Would you mind explaining what an async io library is used for? You know for the people that may not be as familiar "cough cough pointing to myself "


While all of that is true, the real triumph here is that pun… iofthetiger. How old were you when your parents realized that you’re a genius?


They still haven’t realized it. LOL But yeah, I just couldn’t let this golden opportunity for a pun to pass.


Way back in the beginnings of operating systems, input and output (IO) operations like reading and writing to files and sending and receiving from network sockets required the program to wait (block) until the operation in question finished. While blocked, your program can’t do anything else, just sit there waiting while other tasks that could have been attended in the meantime stay piled up unattended. This is known as blocking, synchronous IO, and it’s a sad story.
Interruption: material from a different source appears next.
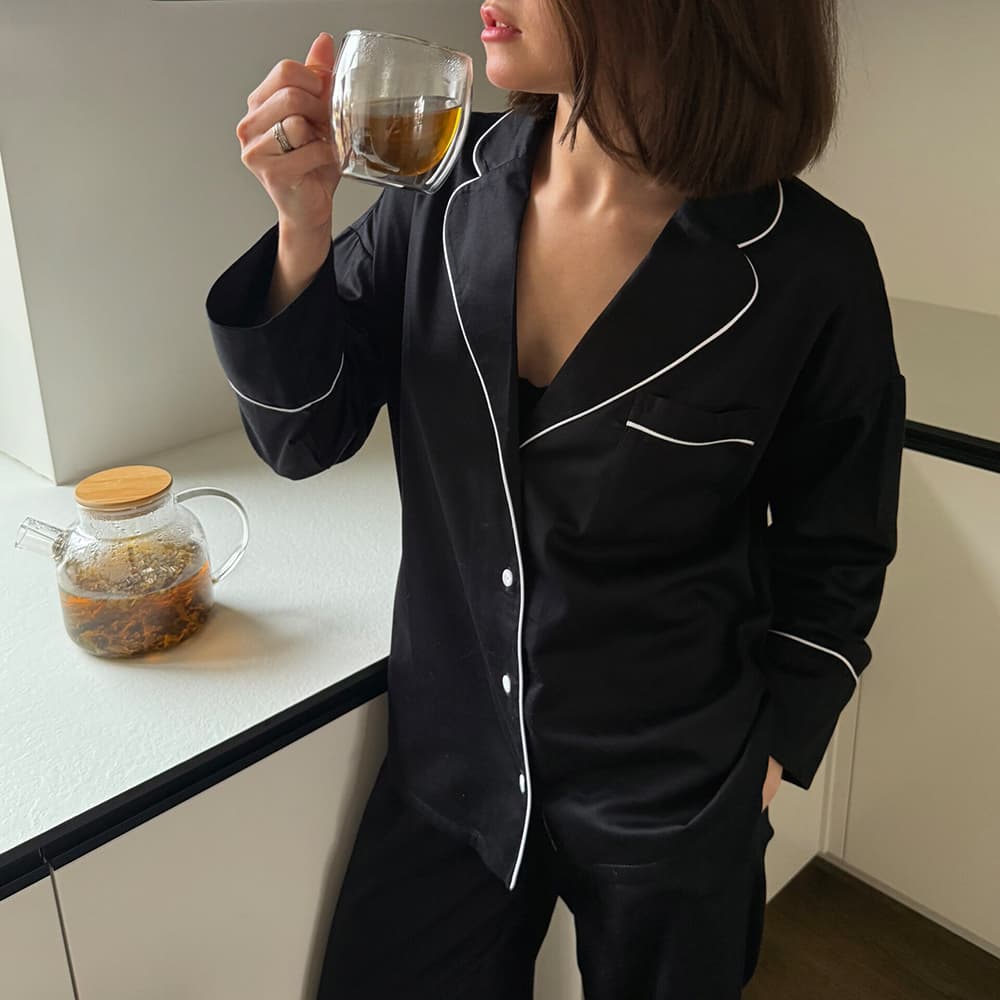 Black satin pajamas by Ukrainian brand Bedclozzzes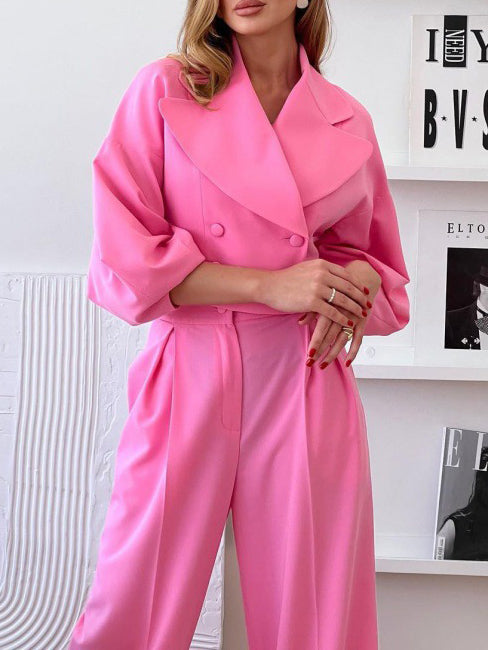 Pink short lapel jacket with long puff sleeves and matching high-waist trousers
Then someone came up with the brilliant idea of a model where you can start an IO operation and not have to wait until it finishes (non-blocking). The operating system can monitor the operation for you and notify you when it’s done. This way, your program can perform other tasks in the meantime, maximizing efficient use of those precious CPU cycles. This model is known as non-blocking, asynchronous IO, and it has brought happens back to the hearts of programmers.

As with most other aspects of programming, quite a few strategies have been developed over time, trying to make async IO more ergonomic and programmer friendly. Models using callbacks, futures, promises, coroutines, and async / await mechanisms are some of the most popular. And now the hard part is learning them all because the mix of operating systems, programming languages, and IO libraries can produce a combinatorial explosion of such models.

That’s why this async IO library from TigerBeetle is so impressive; it hides the details of the Linux, macOS, and Windows async IO interfaces behind a single ergonomic callback model. Callbacks are a natural fit for async IO, since it’s like telling the OS: “Hey OS, do this bit of IO and when it’s done call this function please.” It’s a model made extremely popular by Node.js.


Thats is gonna be my kids bedtime story tomorrow for sure! Absolute gold lol


A little note: yes, non-blocking and asynchronous terms very often used as synonyms, but they are not:

  • non-blocking: a syscall (read()/write for instance) in case when the operation can not be performed right now (there is no data at the moment or no free buffers in case of write) just returns with error, and errno is set to EWOULDBLOCK/EAGAIN. You can use it for polling - and.btw, it is not always bad - if you know for sure, that in 99% cases it would not block, that’s ok.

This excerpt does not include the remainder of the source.